------ Information shown ------
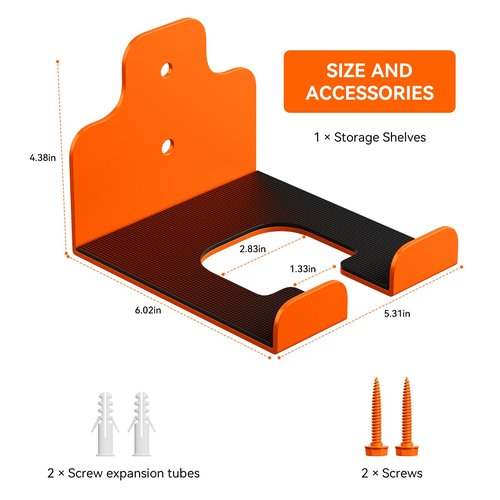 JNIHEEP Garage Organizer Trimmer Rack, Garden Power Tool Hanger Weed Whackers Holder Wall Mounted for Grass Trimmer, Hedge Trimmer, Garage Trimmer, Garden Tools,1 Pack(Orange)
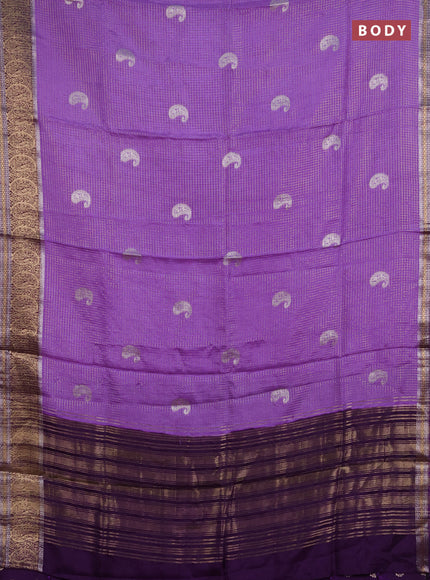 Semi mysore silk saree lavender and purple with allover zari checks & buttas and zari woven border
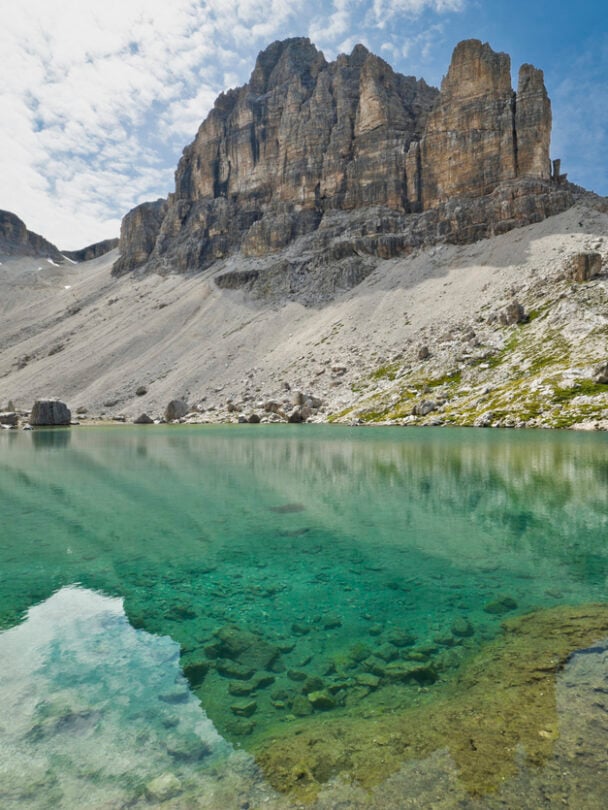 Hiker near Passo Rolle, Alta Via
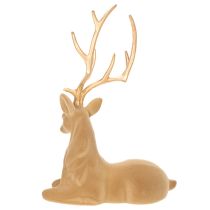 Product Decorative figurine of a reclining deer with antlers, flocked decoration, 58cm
------
#### Work instructions
Where images occur in the data above, leave them out and repeat everything else exactly.

#### Output of the task
 JNIHEEP Garage Organizer Trimmer Rack, Garden Power Tool Hanger Weed Whackers Holder Wall Mounted for Grass Trimmer, Hedge Trimmer, Garage Trimmer, Garden Tools,1 Pack(Orange)
 Semi mysore silk saree lavender and purple with allover zari checks & buttas and zari woven border
 Hiker near Passo Rolle, Alta Via
 Product Decorative figurine of a reclining deer with antlers, flocked decoration, 58cm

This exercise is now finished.